The Nekozane Kitty and Other Tails

Furukawa Nekozane Kitty in the Window

 

This week has been a real different kind of week for me.  I met three people for the first time.  Ok, not really for the first time, but it was the first time that we meet in a physical space.  It was the first time I could put a voice to all the texted discourse.  For me, that is a big step in a positive direction.

I got to meet up with a photographer mate and munch on a Junior’s pastrami sandwich in the Imperial Palace Gardens and exchange our views on photography.  It really was a healing experience.  I don’t get the opportunity to chat much about topics that are close to my soul, other than pouring out typed discourse on the Lucid Communication website.

The next I met up with a singer and dancer who is here with the first time in Japan tour of the musical Hair.  We got to do some speed sightseeing and caught dinner where we compared NYC and Tokyo.  It is always refreshing to see my city, Tokyo, though the eyes of the first time experience.  It gave me more reasons to love this strange dwelling place.

Lastly, I met up with a fellow artist today to show her the basics of photography technique.  She arrived on island time but that didn’t really matter.  We went over the basics of aperture, shutter speed, and ISO, and how these basic numbers really determine how the image is created.

We then proceeded to walk around the old part of Urayasu.  I was shocked.  I wish she had captured what must have been a look of horror on my face to see my beloved Flower Street had undergone intensive rebuilding since the last time I strolled around more than six months ago.  More of the old buildings had been torn down and replaced with new ones.  The old bridges had been replaced.  Even some of the streets had been widened.  There are still a few pockets of old homes.  One home we passed my guest had pointed out to me that there was a kitty staring at us from a window sill.

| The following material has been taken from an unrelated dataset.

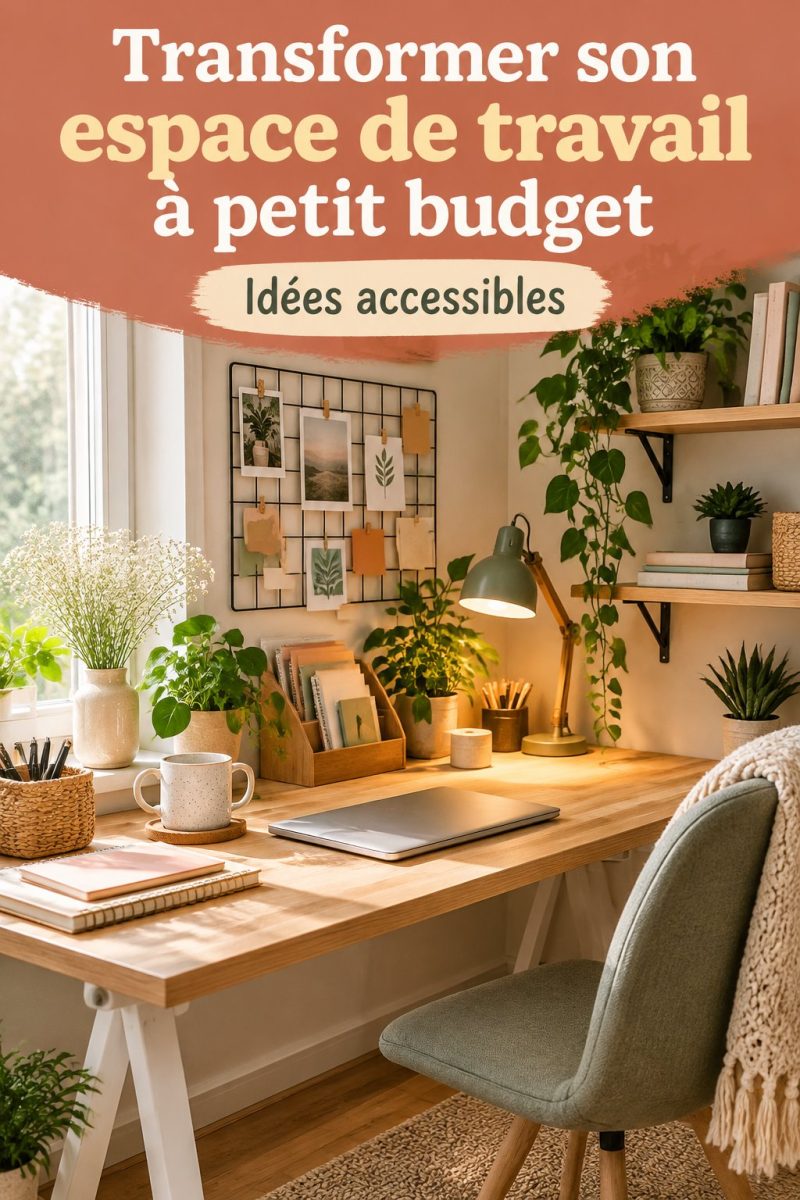 Un bureau métamorphosé avec des décorations simples et modernes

We were invited into to see a collection of photographs that had been taken in the 1950s and 50s around Urayasu.  The humble black and white photographs captured a time when the canals and rivers were swarmed with wooden fishing boats.  The streets were lined with filleted fish and seaweed were drying in the sunshine.  These images captured a time that has slipped though the nets of Urayasu in favor of giant condominiums and the business brought about by Tokyo Disney Land.

The rate at which the old part of Urayasu has been swallowed up by the redevelopment is alarming.  There will be a time when there is no longer an old part of town, and Urayasu will only be separated from the rest of sprawling Tokyo by the Kyo Edogawa River.